## Work order
Stop after the line containing "Сребърни обеци , снимка 1": print each line exactly from the first line of the listing up to that point.

## Supplied material
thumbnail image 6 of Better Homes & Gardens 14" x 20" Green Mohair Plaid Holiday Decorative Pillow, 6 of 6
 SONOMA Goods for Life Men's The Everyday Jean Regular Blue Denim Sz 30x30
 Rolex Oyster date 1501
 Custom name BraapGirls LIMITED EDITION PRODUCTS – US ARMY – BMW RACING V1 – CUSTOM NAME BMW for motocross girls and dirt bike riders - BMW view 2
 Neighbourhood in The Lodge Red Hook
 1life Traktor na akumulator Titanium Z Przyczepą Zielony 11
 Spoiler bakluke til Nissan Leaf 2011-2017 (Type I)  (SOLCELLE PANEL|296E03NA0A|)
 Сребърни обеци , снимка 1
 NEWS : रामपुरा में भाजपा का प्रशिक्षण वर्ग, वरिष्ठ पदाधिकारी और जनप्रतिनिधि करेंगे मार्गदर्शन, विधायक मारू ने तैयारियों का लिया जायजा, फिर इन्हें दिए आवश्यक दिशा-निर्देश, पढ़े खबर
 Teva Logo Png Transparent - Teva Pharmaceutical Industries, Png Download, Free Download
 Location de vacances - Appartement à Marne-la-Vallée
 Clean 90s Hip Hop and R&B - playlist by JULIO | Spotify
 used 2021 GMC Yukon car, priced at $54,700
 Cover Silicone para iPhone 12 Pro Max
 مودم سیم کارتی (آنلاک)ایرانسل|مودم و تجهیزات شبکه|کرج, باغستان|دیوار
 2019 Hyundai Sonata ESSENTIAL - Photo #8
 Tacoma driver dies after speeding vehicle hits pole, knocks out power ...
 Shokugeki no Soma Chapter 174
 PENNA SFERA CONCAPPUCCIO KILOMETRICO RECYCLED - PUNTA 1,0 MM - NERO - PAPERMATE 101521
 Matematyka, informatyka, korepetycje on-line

## Task answer
thumbnail image 6 of Better Homes & Gardens 14" x 20" Green Mohair Plaid Holiday Decorative Pillow, 6 of 6
 SONOMA Goods for Life Men's The Everyday Jean Regular Blue Denim Sz 30x30
 Rolex Oyster date 1501
 Custom name BraapGirls LIMITED EDITION PRODUCTS – US ARMY – BMW RACING V1 – CUSTOM NAME BMW for motocross girls and dirt bike riders - BMW view 2
 Neighbourhood in The Lodge Red Hook
 1life Traktor na akumulator Titanium Z Przyczepą Zielony 11
 Spoiler bakluke til Nissan Leaf 2011-2017 (Type I)  (SOLCELLE PANEL|296E03NA0A|)
 Сребърни обеци , снимка 1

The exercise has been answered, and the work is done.